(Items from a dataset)

------------

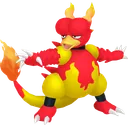 Magmar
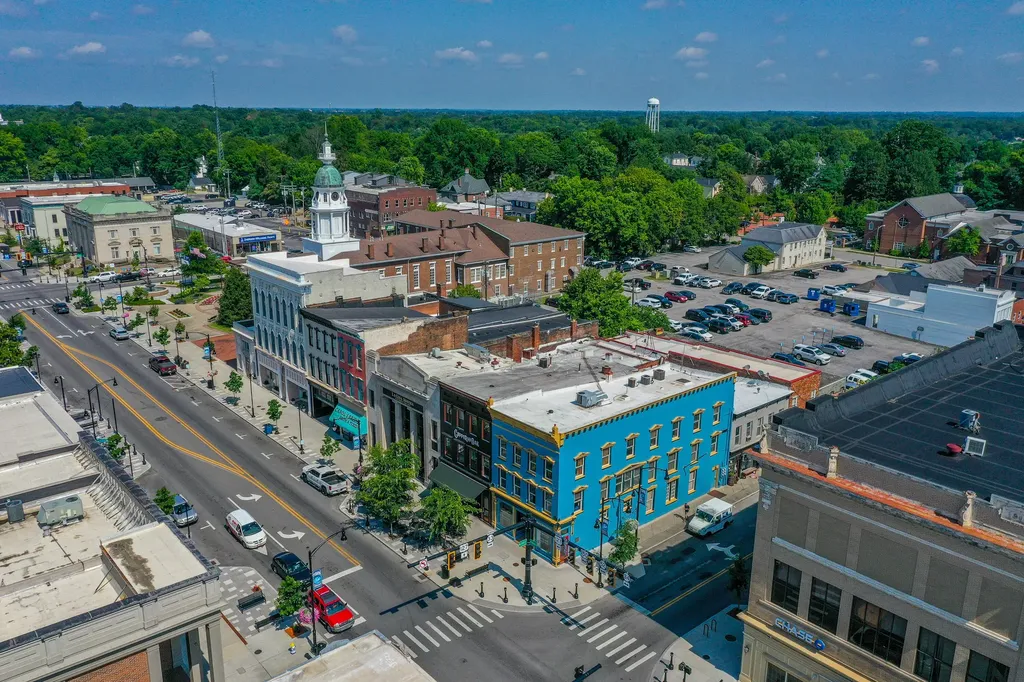 303 W Main Street Danville KY 40422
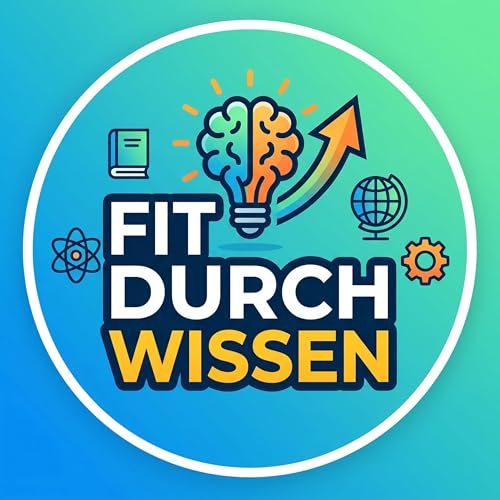 『Fit durch Wissen』のカバーアート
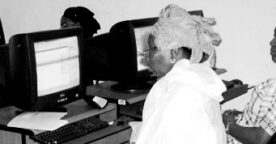 L’ovni Twitter au Mali – What Women Wish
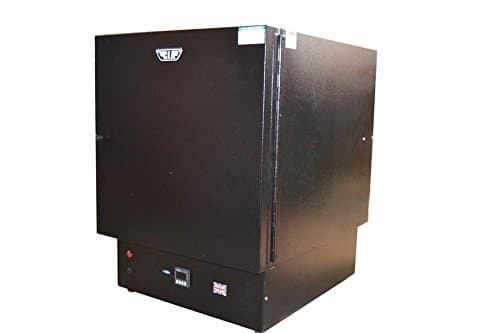 CIA C2 High Temperature Stationary Welding Rod Oven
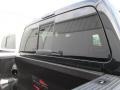 Tuxedo Black - F250 Super Duty Lariat Crew Cab 4x4 Photo No. 8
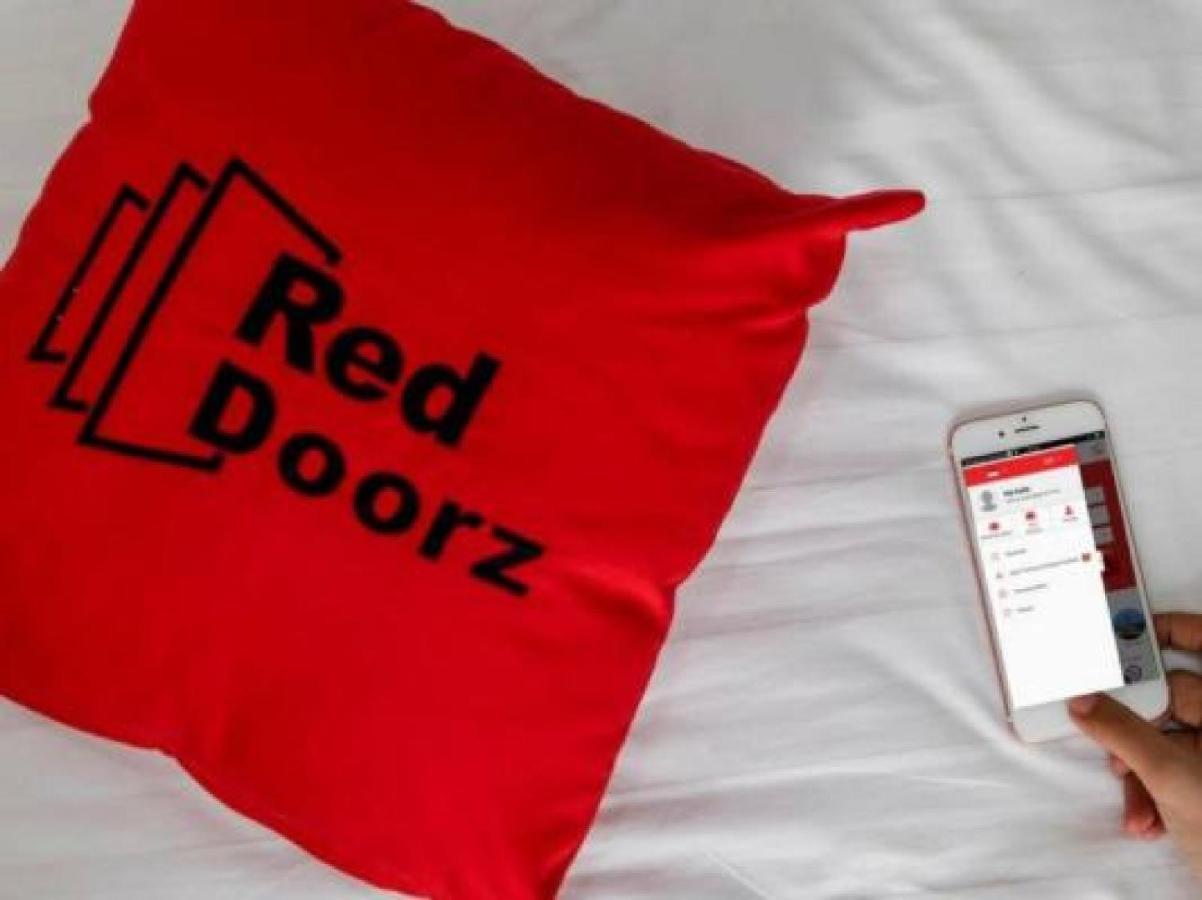 Reddoorz Near Taman Makam Pahlawan Cikutra Hotel Bandung Luaran gambar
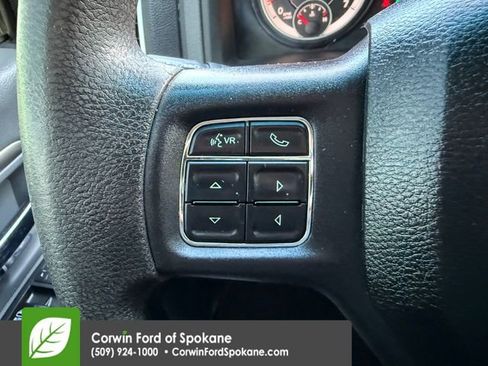 Used 2014 RAM 1500 Classic SLT image 20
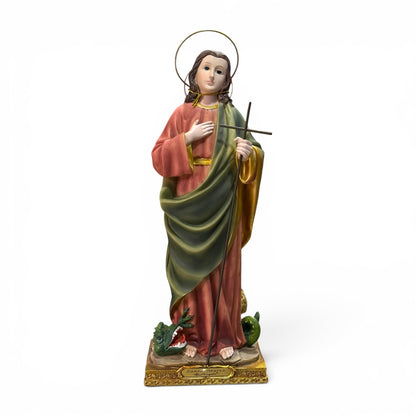 Santa Martha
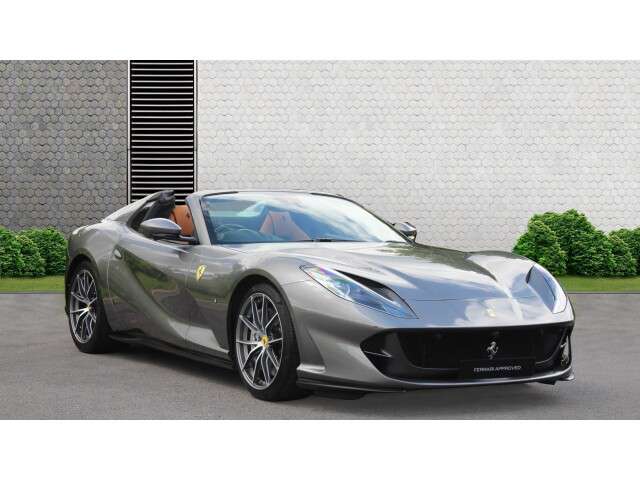 812 Superfast car for sale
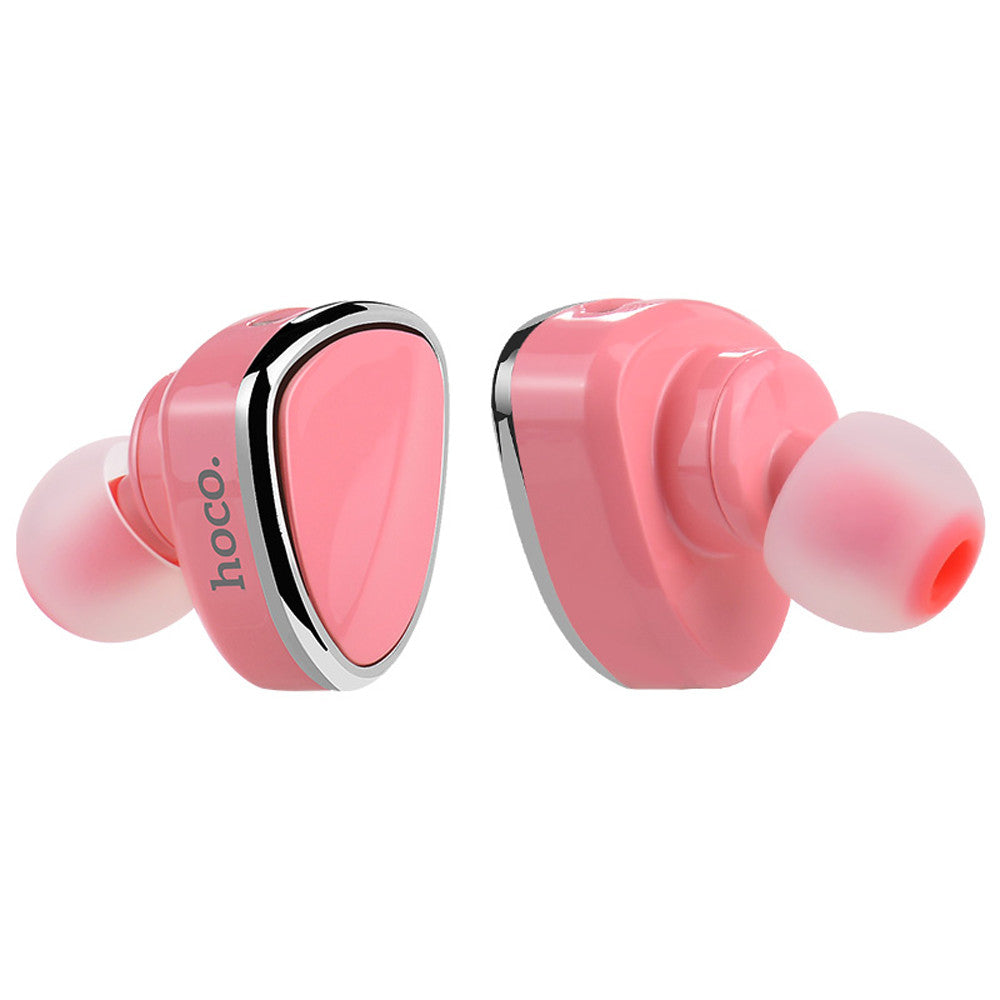 hoco E7 Wireless Bluetooth In-ear Headphone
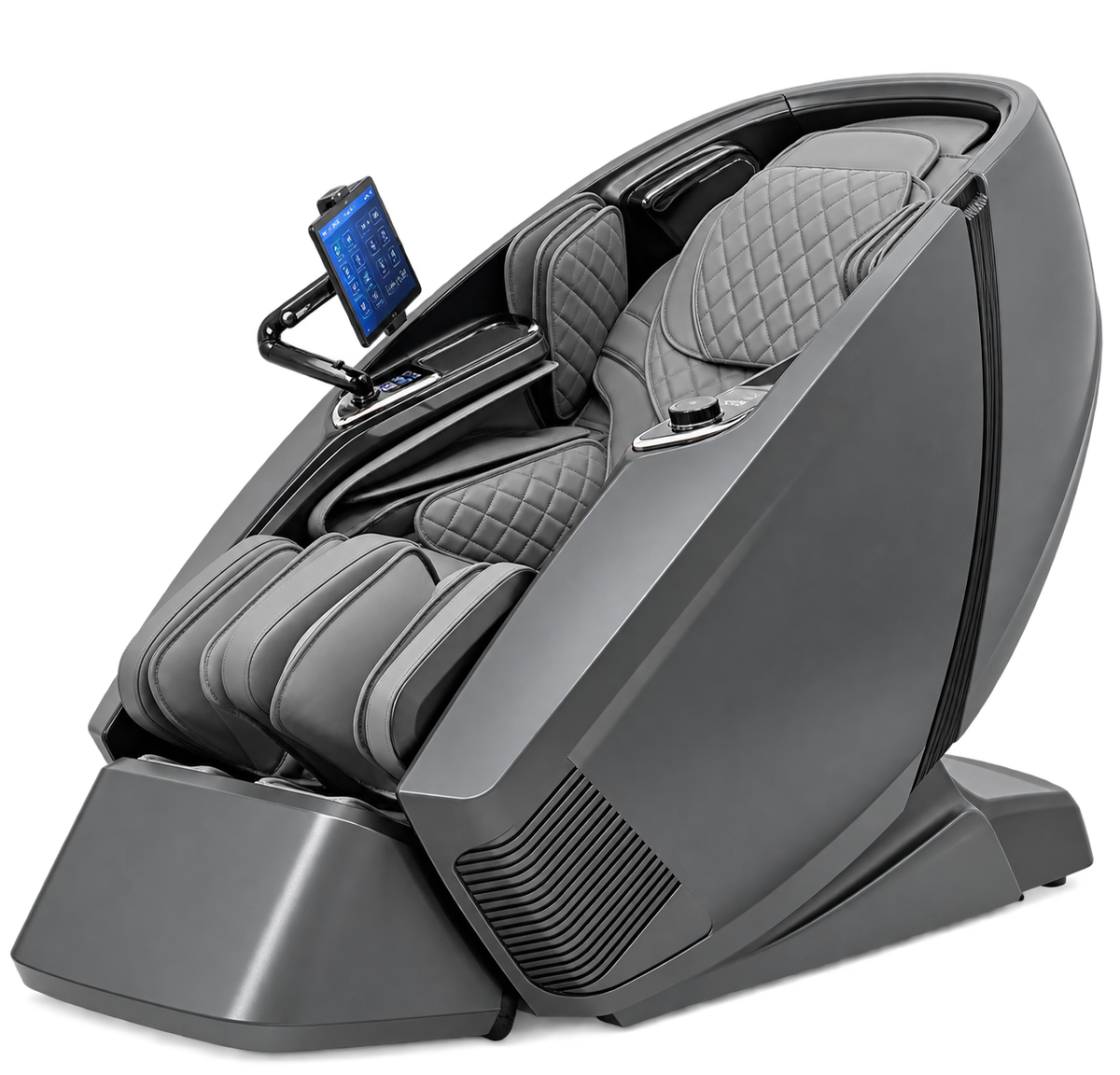 MedEq Recovery C80 6D Smart Massage Chair | Full-Body Massage & Zero Gravity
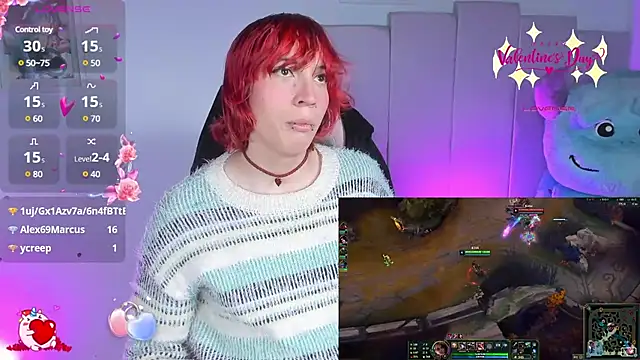 -kisa  online show from February 15, 7:38 am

------------

◆ **WHAT TO PRODUCE**: Reproduce the records verbatim, omitting all images they contain.

◆ **TASK OUTPUT**:
 Magmar
 303 W Main Street Danville KY 40422
 『Fit durch Wissen』のカバーアート
 L’ovni Twitter au Mali – What Women Wish
 CIA C2 High Temperature Stationary Welding Rod Oven
 Tuxedo Black - F250 Super Duty Lariat Crew Cab 4x4 Photo No. 8
 Reddoorz Near Taman Makam Pahlawan Cikutra Hotel Bandung Luaran gambar
 Used 2014 RAM 1500 Classic SLT image 20
 Santa Martha
 812 Superfast car for sale
 hoco E7 Wireless Bluetooth In-ear Headphone
 MedEq Recovery C80 6D Smart Massage Chair | Full-Body Massage & Zero Gravity
 -kisa  online show from February 15, 7:38 am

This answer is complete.